Startup has been a buzzword, in the US, in China, and now in Southeast Asia.
But, What is a startup exactly?
Paul Graham, founder of Y Combinator, has a great definition for it:
A startup is a company designed to grow fast. Being newly founded does not in itself make a company a startup. Nor is it necessary for a startup to work on technology, or take venture funding, or have some sort of “exit.” The only essential thing is growth. Everything else we associate with startups follows from growth.
In short, as the title of his essay goes: Startup = Growth.
It’s written in September 2012, nearly 6 years ago. But the insights in it are so true and actionable that whenever I re-read it, I’m amazed.
To give you some idea how good it is, here are a few lines from it. To really get the best of it, just visit Paul Graham’s blog.

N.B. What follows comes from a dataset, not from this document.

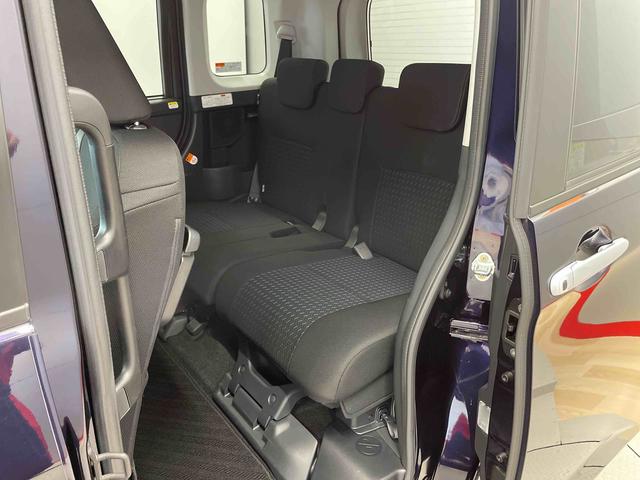 ルーミーカスタムＧ−Ｔ（宮城県）の中古車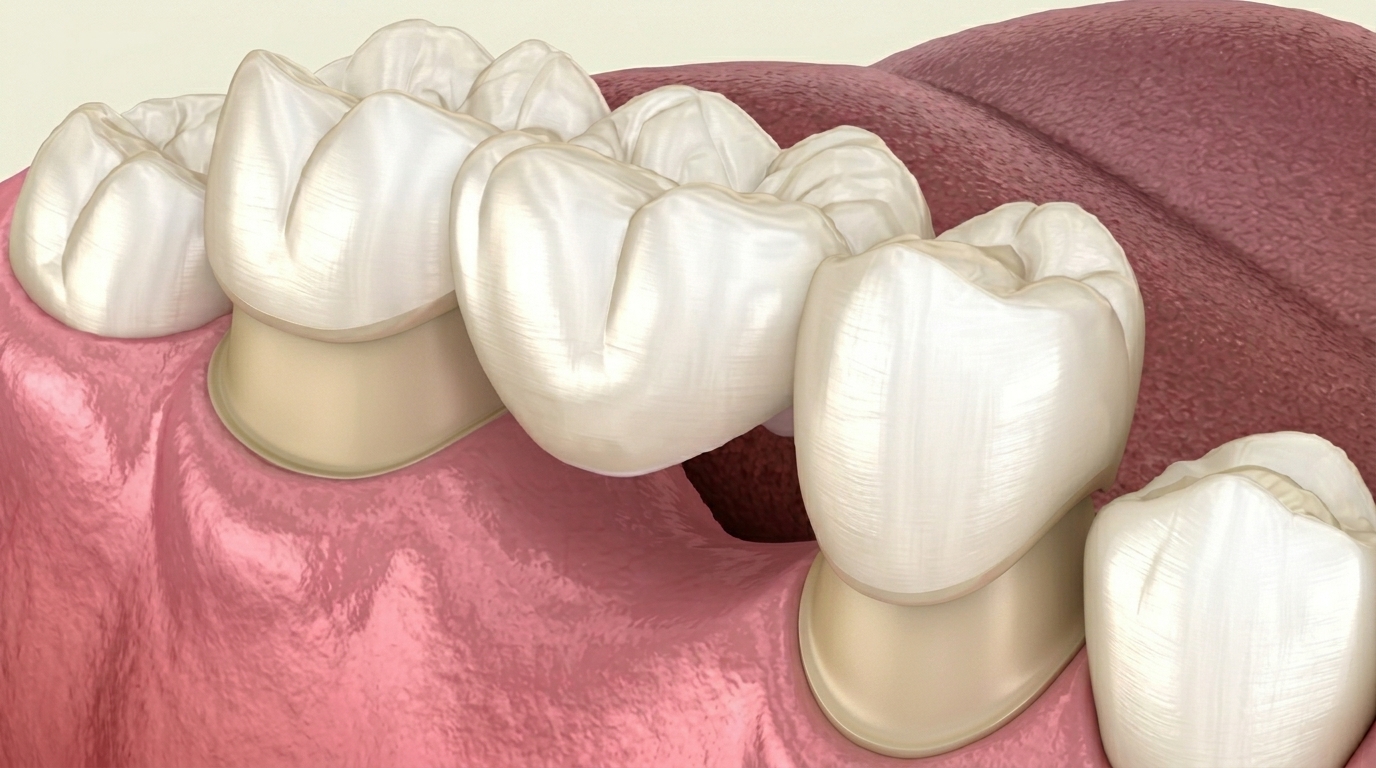 1200x600 dental crowns and bridges 3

- …if you get growth, everything else tends to fall into place. Which means you can use growth like a compass to make almost every decision you face.
- For a company to grow really big, it must (a) make something lots of people want, and (b) reach and serve all those people…Most businesses are tightly constrained in (a) or (b). The distinctive feature of successful startups is that they’re not.
- How fast does a company have to grow to be considered a startup? There’s no precise answer to that…A good growth rate during YC is 5-7% a week…A company that grows at 1% a week will grow 1.7x a year, whereas a company that grows at 5% a week will grow 12.6x.
- Having to hit a growth number every week forces founders to act, and acting versus not acting is the high bit of succeeding. Nine times out of ten, sitting around strategizing is just a form of procrastination.
- If you want to understand startups, understand growth.